The Problems Of An Ex-Pat

I’ve been living in France now for just over 19 months and as what you might term an “ex-pat” I have encountered a few problems. Many people have a dream of living in a different country and that doesn’t mean they don’t love their home nation any less just that they wish to go and sample somewhere else’s culture. After recently writing a piece for the lovely people at the Franco British Chamber of Commerce and Industry about why I moved to Paris in the first place I started thinking about the downsides of being a foreigner abroad.
1.       Lack of Bacon – Not much needs to be said about this as all I have to say is the lack of this food of the Gods is in limited stock on the continent which is bad news for hangovers and quick dinners.
2.       Absence of Family/Friends – Even though there isn’t a massive time difference between France and Blighty but it does impact on when you can call up your nearest and dearest for a chinwag or for moral support.
3.       French TV shows – I don’t ask for much from a country but one thing I do require is a decent Masterchef-a-like programme of which France has nothing to offer. Finding sneaky ways to watch John and Greg eating strange taste sensations is just something you have to put up with as a Brit abroad who is in need of some cheeky, light-hearted entertainment.
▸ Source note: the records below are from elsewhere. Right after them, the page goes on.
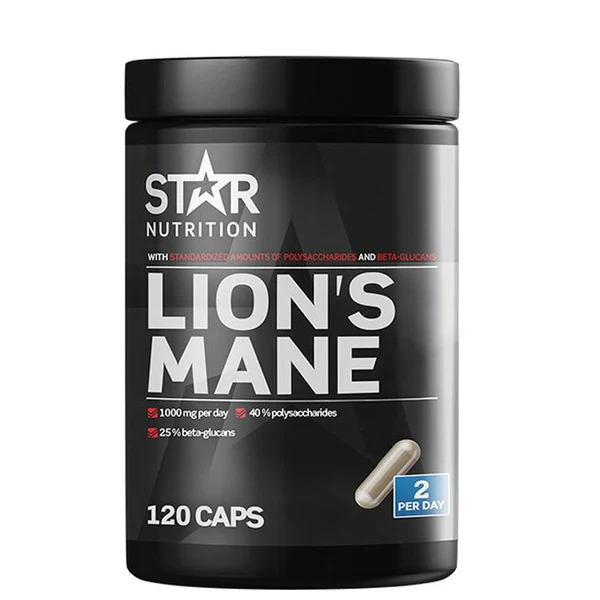 Star Nutrition Lion's Mane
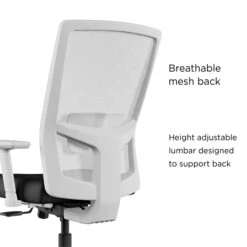 Union & Scale™ Workplace2.0™ 500 Series Fabric Task Chair, Black (53481)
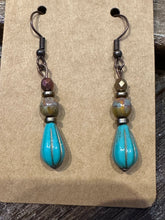 Load image into Gallery viewer, Copper Earrings
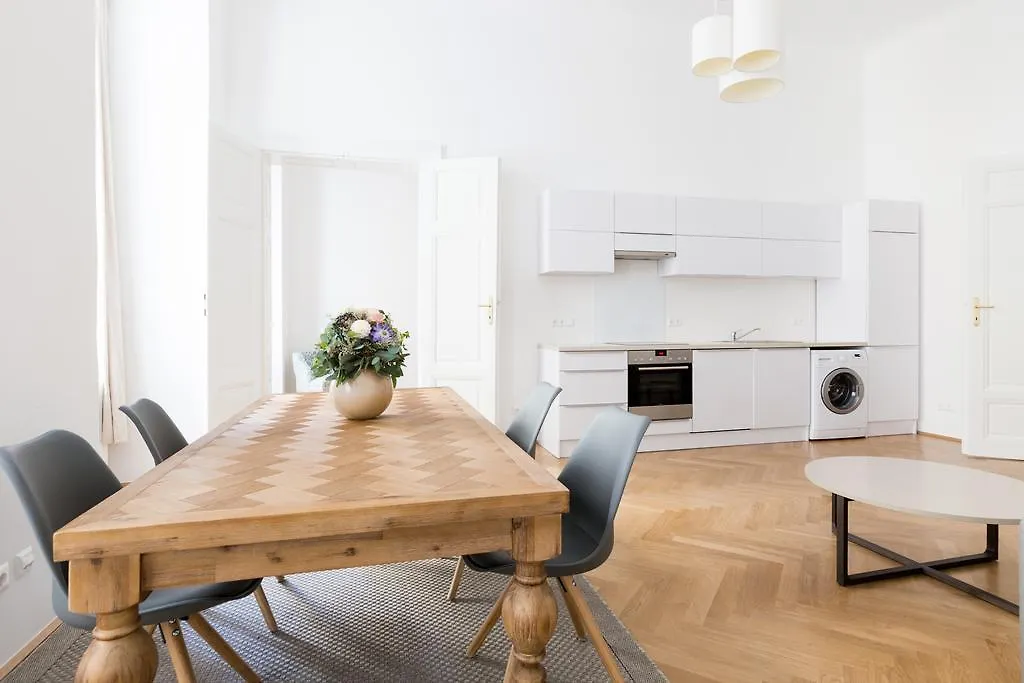 HeyMi Apartments Hoher Markt Wenen Oostenrijk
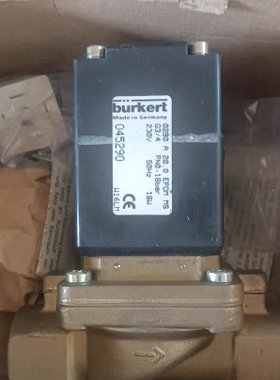 德国宝德电磁阀 0290A20 EPDM G3/4 0-16BAR  045290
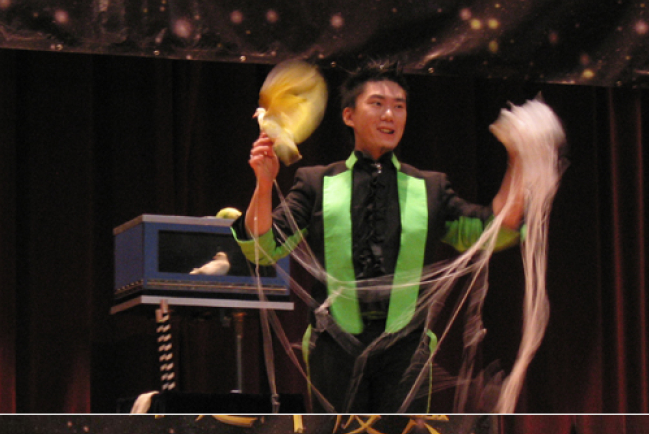 魔術師團契十周年匯演 各施各法嘩聲四起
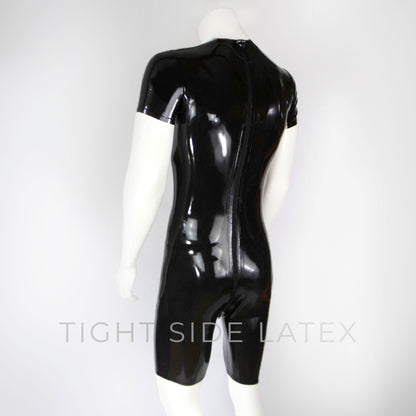 Latex Catsuit - Short Length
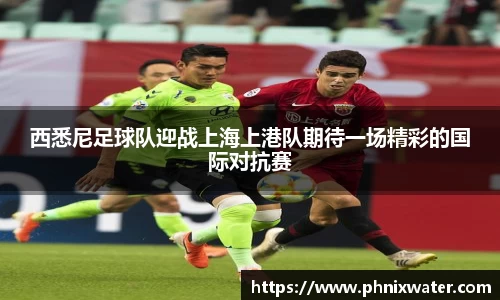 西悉尼足球队迎战上海上港队期待一场精彩的国际对抗赛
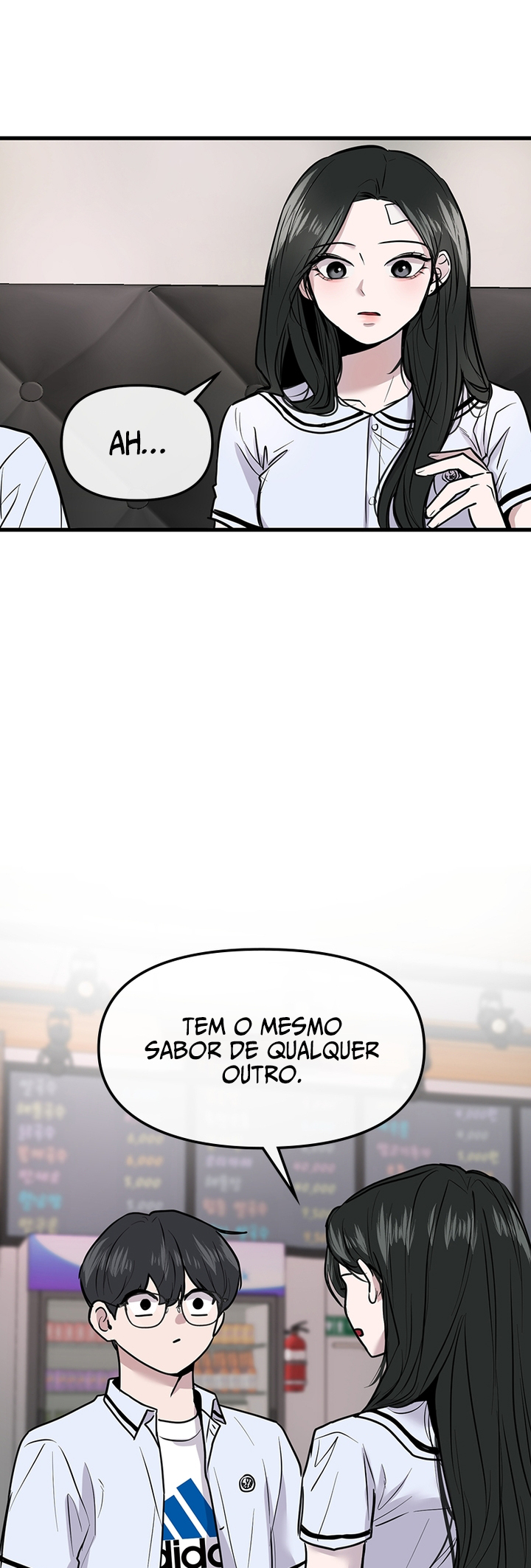 De Volta para Chanbi Capítulo 5 Página 32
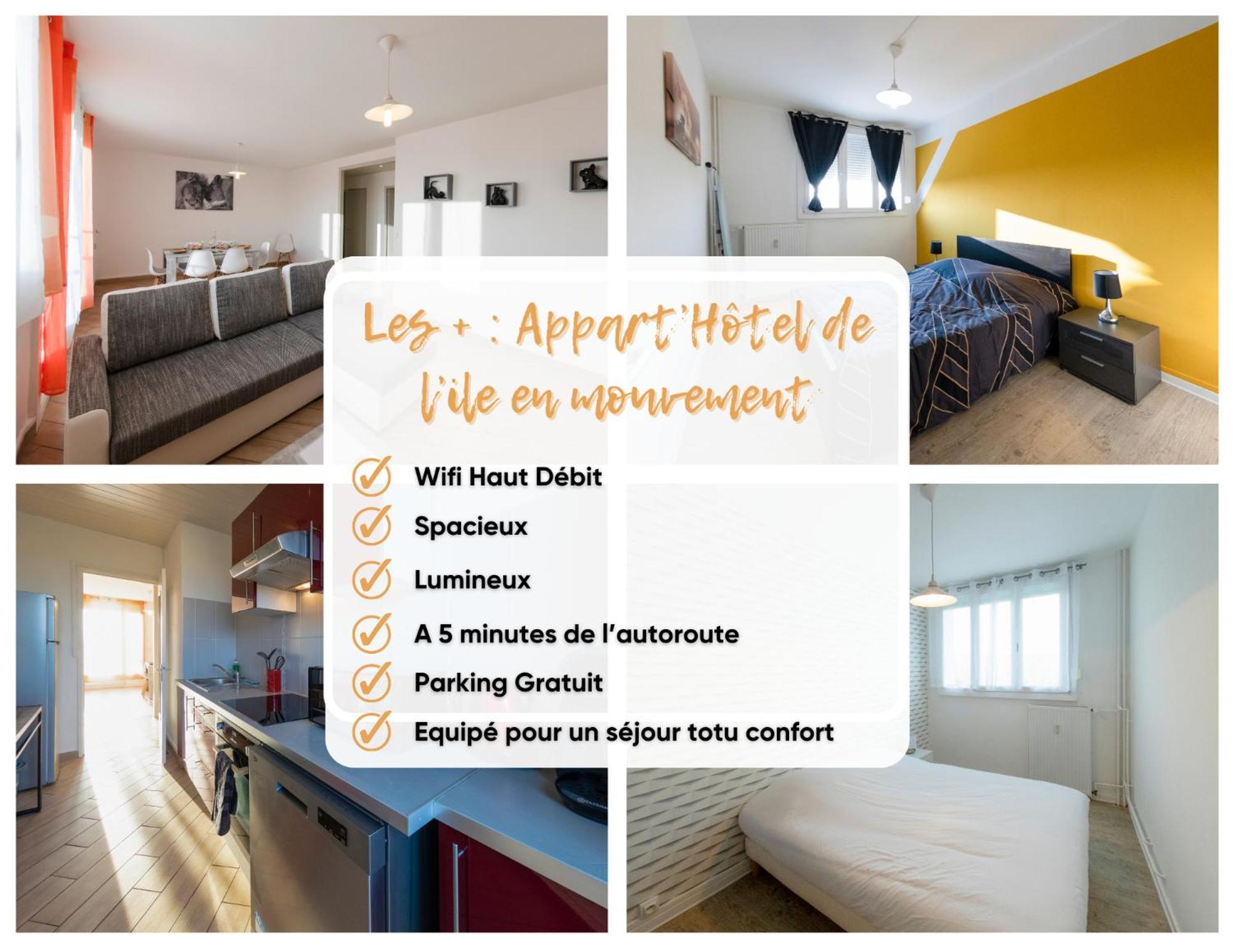 Appart'Hotel - L'Ile En Mouvement Montbéliard Exteriér fotografie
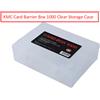 KMC Card Barrier Box 1000 Clear Storage Case Pokemon MTG Yugioh JDM...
4.       The Weather – Out in Liverpool today, I was commenting on the phenomenon that is sunshine in the UK. As soon as the rays of dawn grace our tired morning eyes we decide to don a pair of shorts and make the most of it. This eternal optimism just doesn’t happen on the continent. Partly because they get good weather most of the time but also because they can be reet miserable. I’d bet you any money that there is a Parisian still in a winter coat and knee high boats walking down Rue de Rivoli at this very moment.

So there you have it. My list of the problems one faces as an ex-pat in the Hexagon. It is by no means exhaustive however it certainly covers most of the main areas that we roast beef lovers have to deal with when living in the land of frog’s legs.